> [Your assignment]
From the data below, retype exactly the lines starting with the one that contains "Ein 100 Euro" and ending with the one that contains "minimalist christmas decor on a budget", both included.

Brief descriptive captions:

****************************************

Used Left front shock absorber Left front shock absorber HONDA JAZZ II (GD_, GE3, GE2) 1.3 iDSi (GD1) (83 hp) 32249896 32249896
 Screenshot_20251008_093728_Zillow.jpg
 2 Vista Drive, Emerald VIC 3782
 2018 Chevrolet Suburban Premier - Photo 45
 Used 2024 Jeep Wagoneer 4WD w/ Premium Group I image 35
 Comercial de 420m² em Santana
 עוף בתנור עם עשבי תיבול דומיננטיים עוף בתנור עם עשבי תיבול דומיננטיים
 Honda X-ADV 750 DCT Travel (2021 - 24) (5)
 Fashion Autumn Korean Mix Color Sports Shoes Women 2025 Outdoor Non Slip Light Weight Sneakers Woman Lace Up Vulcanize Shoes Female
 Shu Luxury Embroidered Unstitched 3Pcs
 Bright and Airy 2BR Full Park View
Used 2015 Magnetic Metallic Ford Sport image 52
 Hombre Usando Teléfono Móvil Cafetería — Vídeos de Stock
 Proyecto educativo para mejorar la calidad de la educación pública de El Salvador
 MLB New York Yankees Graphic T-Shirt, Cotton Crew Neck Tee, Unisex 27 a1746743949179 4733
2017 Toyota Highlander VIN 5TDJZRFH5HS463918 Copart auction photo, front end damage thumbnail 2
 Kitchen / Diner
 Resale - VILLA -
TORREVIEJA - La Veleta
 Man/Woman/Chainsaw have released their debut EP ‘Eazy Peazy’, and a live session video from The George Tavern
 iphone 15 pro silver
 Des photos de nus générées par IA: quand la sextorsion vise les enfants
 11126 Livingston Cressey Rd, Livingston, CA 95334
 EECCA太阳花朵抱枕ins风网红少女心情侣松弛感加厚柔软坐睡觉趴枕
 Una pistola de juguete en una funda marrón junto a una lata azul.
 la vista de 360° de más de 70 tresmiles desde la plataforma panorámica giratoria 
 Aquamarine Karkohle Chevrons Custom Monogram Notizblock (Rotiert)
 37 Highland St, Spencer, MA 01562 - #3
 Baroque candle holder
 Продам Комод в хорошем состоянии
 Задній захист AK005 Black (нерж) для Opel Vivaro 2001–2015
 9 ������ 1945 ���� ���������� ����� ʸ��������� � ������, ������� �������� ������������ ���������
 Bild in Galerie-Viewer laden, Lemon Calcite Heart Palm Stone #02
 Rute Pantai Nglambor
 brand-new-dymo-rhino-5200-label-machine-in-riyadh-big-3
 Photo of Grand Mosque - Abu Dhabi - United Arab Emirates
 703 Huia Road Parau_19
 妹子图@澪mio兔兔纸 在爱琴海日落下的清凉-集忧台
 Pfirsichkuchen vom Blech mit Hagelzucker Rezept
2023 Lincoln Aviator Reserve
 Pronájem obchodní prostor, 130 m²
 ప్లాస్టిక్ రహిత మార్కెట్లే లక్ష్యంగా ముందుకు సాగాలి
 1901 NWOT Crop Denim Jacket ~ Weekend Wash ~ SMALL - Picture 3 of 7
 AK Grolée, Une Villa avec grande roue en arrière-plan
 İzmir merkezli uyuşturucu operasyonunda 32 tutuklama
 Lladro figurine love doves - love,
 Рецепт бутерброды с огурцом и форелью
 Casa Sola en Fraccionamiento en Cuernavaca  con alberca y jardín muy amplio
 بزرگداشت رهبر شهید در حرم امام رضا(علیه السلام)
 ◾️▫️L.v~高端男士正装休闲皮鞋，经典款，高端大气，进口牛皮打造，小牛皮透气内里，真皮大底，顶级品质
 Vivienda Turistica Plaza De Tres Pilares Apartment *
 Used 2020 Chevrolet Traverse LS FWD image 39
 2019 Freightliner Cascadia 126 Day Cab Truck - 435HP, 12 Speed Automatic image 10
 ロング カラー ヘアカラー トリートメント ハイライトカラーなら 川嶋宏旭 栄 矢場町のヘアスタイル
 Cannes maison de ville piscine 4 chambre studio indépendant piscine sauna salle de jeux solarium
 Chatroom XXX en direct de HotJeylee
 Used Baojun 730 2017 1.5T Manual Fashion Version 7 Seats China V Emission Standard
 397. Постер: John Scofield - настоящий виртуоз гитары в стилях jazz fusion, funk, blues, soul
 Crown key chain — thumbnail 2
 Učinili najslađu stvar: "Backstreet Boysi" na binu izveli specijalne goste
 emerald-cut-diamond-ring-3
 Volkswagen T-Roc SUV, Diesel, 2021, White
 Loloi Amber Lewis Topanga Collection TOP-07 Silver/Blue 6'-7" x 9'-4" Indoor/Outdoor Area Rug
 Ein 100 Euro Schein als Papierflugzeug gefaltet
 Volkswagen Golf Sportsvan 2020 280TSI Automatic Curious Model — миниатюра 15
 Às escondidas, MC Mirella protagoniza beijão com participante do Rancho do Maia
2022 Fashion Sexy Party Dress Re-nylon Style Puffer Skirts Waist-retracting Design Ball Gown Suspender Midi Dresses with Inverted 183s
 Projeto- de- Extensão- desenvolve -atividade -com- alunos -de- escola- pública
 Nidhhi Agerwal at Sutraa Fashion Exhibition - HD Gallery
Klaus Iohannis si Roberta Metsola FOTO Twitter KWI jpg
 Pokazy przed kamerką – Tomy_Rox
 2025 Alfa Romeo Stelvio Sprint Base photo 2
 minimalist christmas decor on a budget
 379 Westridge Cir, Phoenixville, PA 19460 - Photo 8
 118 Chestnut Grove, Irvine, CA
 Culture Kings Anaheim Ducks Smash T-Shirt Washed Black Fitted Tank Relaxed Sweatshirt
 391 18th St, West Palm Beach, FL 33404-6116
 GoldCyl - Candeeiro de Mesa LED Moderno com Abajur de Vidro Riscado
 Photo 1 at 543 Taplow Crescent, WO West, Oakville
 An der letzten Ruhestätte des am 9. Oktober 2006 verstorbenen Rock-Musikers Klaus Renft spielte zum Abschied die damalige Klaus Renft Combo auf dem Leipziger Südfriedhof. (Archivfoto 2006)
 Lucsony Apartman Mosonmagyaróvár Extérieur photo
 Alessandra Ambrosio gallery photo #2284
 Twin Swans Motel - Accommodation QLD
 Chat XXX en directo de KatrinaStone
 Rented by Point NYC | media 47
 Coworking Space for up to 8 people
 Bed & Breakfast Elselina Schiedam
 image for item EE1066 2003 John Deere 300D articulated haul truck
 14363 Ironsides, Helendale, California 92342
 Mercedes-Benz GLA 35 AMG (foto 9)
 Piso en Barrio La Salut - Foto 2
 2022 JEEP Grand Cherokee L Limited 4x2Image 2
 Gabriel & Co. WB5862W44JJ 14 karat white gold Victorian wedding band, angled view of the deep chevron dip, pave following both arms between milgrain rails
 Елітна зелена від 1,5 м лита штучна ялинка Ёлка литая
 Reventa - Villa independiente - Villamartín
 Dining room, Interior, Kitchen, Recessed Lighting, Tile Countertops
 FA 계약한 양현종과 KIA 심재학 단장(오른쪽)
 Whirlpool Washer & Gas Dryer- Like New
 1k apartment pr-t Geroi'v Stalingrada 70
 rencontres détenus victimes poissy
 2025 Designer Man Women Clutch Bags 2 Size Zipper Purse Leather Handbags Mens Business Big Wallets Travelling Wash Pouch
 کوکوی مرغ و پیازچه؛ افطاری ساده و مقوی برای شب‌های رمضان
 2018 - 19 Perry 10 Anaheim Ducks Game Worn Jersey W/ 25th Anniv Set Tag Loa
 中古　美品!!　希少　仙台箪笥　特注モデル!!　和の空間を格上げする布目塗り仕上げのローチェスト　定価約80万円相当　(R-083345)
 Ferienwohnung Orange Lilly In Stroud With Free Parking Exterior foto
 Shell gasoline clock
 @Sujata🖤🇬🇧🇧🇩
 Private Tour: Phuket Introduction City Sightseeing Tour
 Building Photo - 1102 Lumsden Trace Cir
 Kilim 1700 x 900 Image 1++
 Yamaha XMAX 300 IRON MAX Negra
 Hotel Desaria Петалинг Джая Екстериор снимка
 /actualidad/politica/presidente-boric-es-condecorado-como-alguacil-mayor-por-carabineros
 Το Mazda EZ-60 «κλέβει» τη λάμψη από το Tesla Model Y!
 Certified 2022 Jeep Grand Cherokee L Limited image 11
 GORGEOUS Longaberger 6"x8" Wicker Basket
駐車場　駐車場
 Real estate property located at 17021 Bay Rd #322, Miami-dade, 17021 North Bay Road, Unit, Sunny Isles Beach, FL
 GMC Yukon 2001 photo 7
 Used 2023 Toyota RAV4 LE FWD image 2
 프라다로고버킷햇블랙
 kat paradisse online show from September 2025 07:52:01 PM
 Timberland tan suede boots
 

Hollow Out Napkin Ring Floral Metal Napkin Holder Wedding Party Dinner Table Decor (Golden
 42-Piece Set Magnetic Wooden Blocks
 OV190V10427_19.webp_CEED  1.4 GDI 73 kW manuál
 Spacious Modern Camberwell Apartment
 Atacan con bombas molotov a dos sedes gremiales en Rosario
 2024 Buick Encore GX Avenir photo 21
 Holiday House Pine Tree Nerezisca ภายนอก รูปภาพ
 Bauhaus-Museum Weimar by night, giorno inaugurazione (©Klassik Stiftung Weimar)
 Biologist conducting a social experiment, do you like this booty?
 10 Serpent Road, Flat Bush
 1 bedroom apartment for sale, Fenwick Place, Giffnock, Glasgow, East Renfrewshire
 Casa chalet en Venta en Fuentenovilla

****************************************

> [Task response]
 Ein 100 Euro Schein als Papierflugzeug gefaltet
 Volkswagen Golf Sportsvan 2020 280TSI Automatic Curious Model — миниатюра 15
 Às escondidas, MC Mirella protagoniza beijão com participante do Rancho do Maia
2022 Fashion Sexy Party Dress Re-nylon Style Puffer Skirts Waist-retracting Design Ball Gown Suspender Midi Dresses with Inverted 183s
 Projeto- de- Extensão- desenvolve -atividade -com- alunos -de- escola- pública
 Nidhhi Agerwal at Sutraa Fashion Exhibition - HD Gallery
Klaus Iohannis si Roberta Metsola FOTO Twitter KWI jpg
 Pokazy przed kamerką – Tomy_Rox
 2025 Alfa Romeo Stelvio Sprint Base photo 2
 minimalist christmas decor on a budget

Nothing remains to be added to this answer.